ARTICLE
ejd.2010.1248
Auteur(s) : Johanna STOEVESANDT Stoevesandt_J@klinik.uni-wuerzburg.de,
Eva-B. BRÖCKER, Axel TRAUTMANN
Department of Dermatology, Venereology, and Allergology,
University of Würzburg, Josef-Schneider-Straße 2, 97080 Würzburg,
Germany
Folate is the generic term for a group of related B-vitamins
acting as single-carbon-transfer co-enzymes. As deficiency is a
cause of infant neural tube defects, and the daily reference intake
of 400 μg of folate equivalent is not easily achieved on an
average diet, pharmaceutical folic acid (FA) preparations are
available for substitution. Moreover, FA is added to a variety of
convenience foods, and FA-fortification of cereal grain products is
mandatory in some countries, including the US and Canada
[1, 2].
Allergic anaphylaxis is a rare, but potentially dangerous side
effect of FA-preparations [3-5]. Recently, an IgE-mediated
mechanism could be demonstrated by IgE binding to folate-albumin
[3]. Naturally occurring folates are tolerated by sensitised
patients who are generally advised to avoid all artificially added
FA [3-5]. Total abstention however is getting increasingly
difficult due to substitution in every day food. The question
arises whether sensitised individuals are really at risk of
developing anaphylaxis when consuming FA-fortified products.
We report a 45-year old woman who developed generalised
urticaria and angioedema, accompanied by difficulty in swallowing
30 minutes after ingestion of a 5 mg FA-tablet. Intake of the
same supplement had been well tolerated during a pregnancy some 10
years before. Her diet included vitamin-enriched products, such as
ready-to-eat breakfast cereals. This was her first episode of
hives.
Prick tests were performed using the FA-tablet, an intravenous
FA-preparation, folinic acid (5-formyltetrahydrofolic acid), and
tetrahydrofolic acid (THF). Intradermal tests were carried out
using intravenous FA and folinic acid-preparation, diluted up to
1:1 000. While skin tests with folinic acid and THF were negative,
prick and intradermal tests with FA were strongly and unequivocally
positive. Three healthy volunteers showed no skin reactions with
the FA-preparations. Graded oral provocation with FA up to a single
dose of 400 μg (the cumulative dose being 660 μg) was
well tolerated by our patient, defining an individual with no
observed adverse effect level (NOAEL). She denied further increment
of provocation doses to establish the lowest observed adverse
effect level (LOAEL). Her blood levels of folate, vitamin B12, and
a full blood count were normal.
Tolerance of low FA doses is supported by documentation of
reactions provoked following intake of several hundred μg [4],
while there are no reported episodes of anaphylaxis due to
ingestion of FA-fortified foods. Synthetic FA, correctly referred
to as pteroylmonoglutamic acid, does not occur naturally. It
represents the most oxidised form of folate. Skin tests with
naturally occurring, reduced folates (THF and
5-formyltetrahydrofolic acid) were negative in our patient. This is
consistent with most reports [4], though different patterns of skin
test cross-reactivity have been described [3].
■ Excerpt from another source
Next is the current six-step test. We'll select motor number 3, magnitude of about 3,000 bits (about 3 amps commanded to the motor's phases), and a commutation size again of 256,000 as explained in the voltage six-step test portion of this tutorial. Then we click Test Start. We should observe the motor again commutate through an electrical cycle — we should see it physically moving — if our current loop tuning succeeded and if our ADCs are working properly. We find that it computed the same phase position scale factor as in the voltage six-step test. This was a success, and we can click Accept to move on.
Upon ingestion, FA is absorbed in the intestine and transferred
to the liver via the portal vein (figure 1). A
considerable amount is released into the bile, entering
enterohepatic recirculation. Generally, FA is reduced by
dihydrofolate reductase (DHFR) [2, 6] thereby becoming
indistinguishable from natural folates that are stored in the liver
as polyglutamates and may be released to systemic circulation,
linked to folate binding proteins. Upon intake of high doses of FA,
DHFR may become saturated and bypassed by unmetabolised FA. We
hypothesise that high doses of FA lead to significant amounts of
unreduced FA circulating, which produces the anaphylaxis-triggering
allergen. Our patient's NOAEL of 660 μg exceeds the daily
reference intake of 400 μg and is hardly achievable by the
consumption of a single FA-fortified meal. However, DHFR activity
significantly differs among patients [6] resulting in an individual
NOAEL which might be as low as 110 μg [5]. Our findings
underline the need for an individualised allergological work-up,
not only to the establish FA-allergy diagnosis but also to enable
detailed recommendations, preventing unnecessary dietary
restrictions.
Disclosure
Financial support: none. Conflict of interest: none.